Taking safety precautions: getting in a cab, staying with friends, not going home with a man you do not know... These things do not mean a woman will never be raped (for all the reasons given on this thread) but they do mean that a woman is less likely to be raped by a stranger who is out looking for a vulnerable victim.

Yes, I do know that taxi drivers can also be rapists. But I would still tell my teenage DD's (in the future) to use taxis from a local firm we use, instead of wandering around on their own at night when they have been out to pubs/clubs with friends.

How is that victim blaming? To me it just seems like common sense.

MyEmpireOfDirt · 17/11/2014 09:00

This reply has been deleted

Message withdrawn at poster's request.

ghostyslovesheep · 17/11/2014 09:01

better tell them not to get married, have male friends and relatives, male land lords, male work colleagues, take taxi's, be old, be a nun, wear trousers, wear skirts, have short hair, have long hair, have fun, stay at home, go to work, etc etc then - since women get raped because of all those things as well

I think point scoring in a discussion like this is pretty ridiculous - oh and when you quoted me you missed out the bit about working for rape crisis for 17 years

ghostyslovesheep · 17/11/2014 09:02

no soggy because looking both ways wont stop somebody deliberately running you over - because rape isn't an accident - you don't trip and land on somebodies penis - it is a deliberate act of violence

LadyLuck10 · 17/11/2014 09:04

You are in a far better position to make wiser decisions than being absolutely drunk. I will teach my kids this. It's surely common sense.
Yes a rapist will still do it, but it can minimize the chance it may happen to you by taking precautions.

FloozeyLoozey · 17/11/2014 09:05

My eight year old knows what rape means. He's known the facts of life for years but it is a very hard concept. I just told him it's when a man makes a woman have sex and she doesn't want to.

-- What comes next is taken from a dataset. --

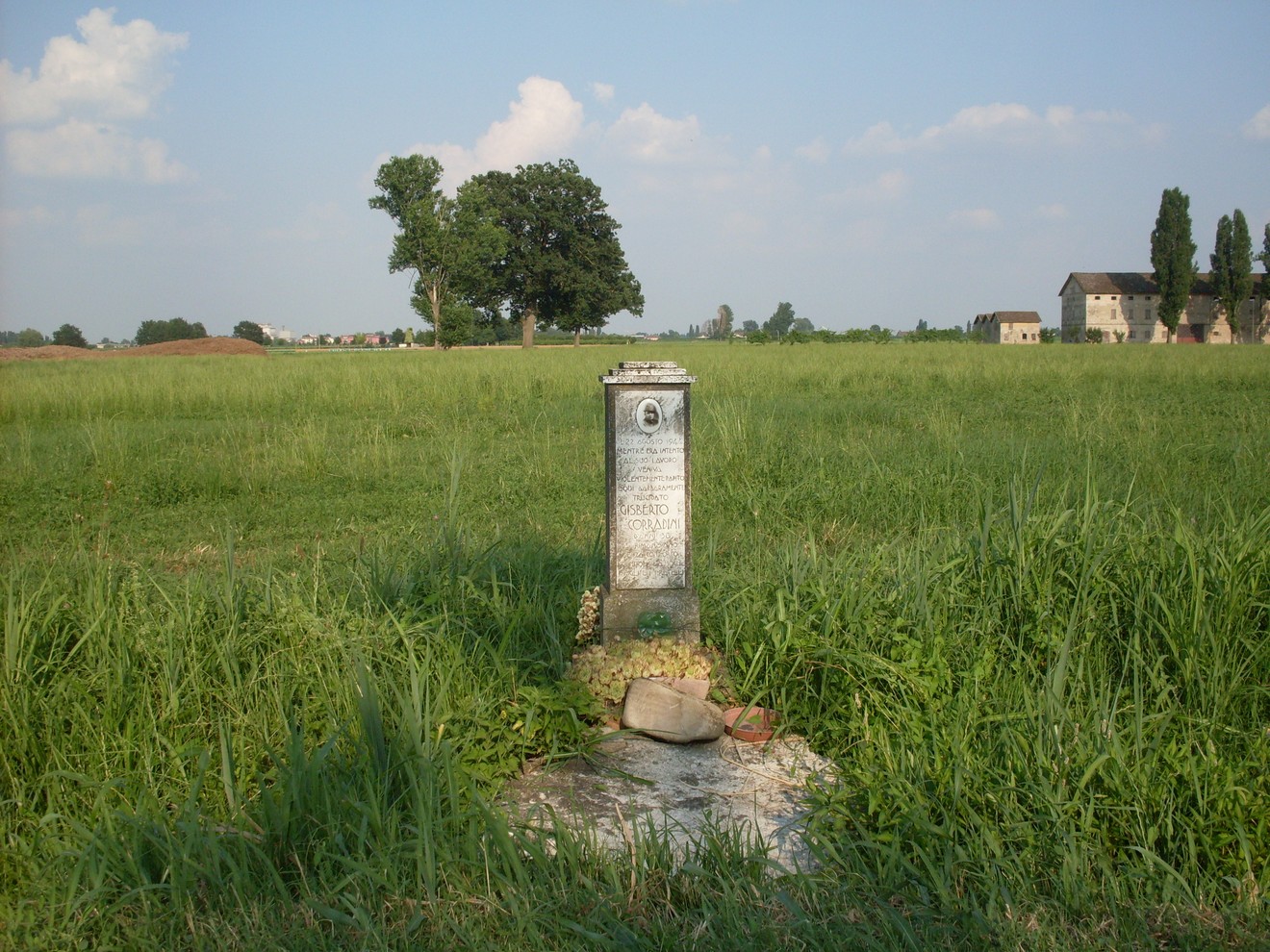 Cippo commemorativo in un prato verde, circondato da alberi e case sullo sfondo.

He's heard the term a lot and has seen some depictions, it was eastenders that started the discussion.

MyEmpireOfDirt · 17/11/2014 09:06

This reply has been deleted

Message withdrawn at poster's request.

YonicScrewdriver · 17/11/2014 09:06

Yy ghosty - wg

WalkingInMemphis · 17/11/2014 09:06

You're being pretty ridiculous yourself Gordy and I really don't know what you're arguing against tbh.

Yes women can and do get raped. No, you can't 100% negate the risk by any action.

But you can be aware of how to minimise certain risks - like not walking down remote streets in the dark alone, or getting in a car with a random man, or drinking until you can't stand.

As the mother of 3 dd's I don't for one minute believe that you (or any mother) would not give this advice to your dc. So like I said, I don't really know what you're arguing against.

YonicScrewdriver · 17/11/2014 09:07

...whilst the occasional driver may be a criminal looking to run someone over, most accidents are caused by lack of care and attention (on the part of any or all parties), unexpected road conditions etc - not through criminal intentionality.

MyEmpireOfDirt · 17/11/2014 09:08

This reply has been deleted

Message withdrawn at poster's request.

LadyLuck10 · 17/11/2014 09:08

YY Memphis.

enderwoman · 17/11/2014 09:09

I told my 8 year old that he'd hurt the woman. He felt that violence off the pitch should be a sackable offence for a football player especially if it was so serious that he went to prison.

MyEmpireOfDirt · 17/11/2014 09:14

This reply has been deleted

Message withdrawn at poster's request.

MyEmpireOfDirt · 17/11/2014 09:17

This reply has been deleted

Message withdrawn at poster's request.

WalkingInMemphis · 17/11/2014 09:19

From this post Empire - Even on this thread people have talked about precautions women should take. As if they are required, and not taking them makes a woman negligent - it seems that that's what you're saying tbh.

There ARE precautions women should take, to help keep them safe and try to prevent all sorts of scenarios. And men. And children.

Saying to a woman 'you really shouldn't drink until you can't stand' is NOT the same as saying 'if you drink until you can't stand you deserve to be raped'. At all.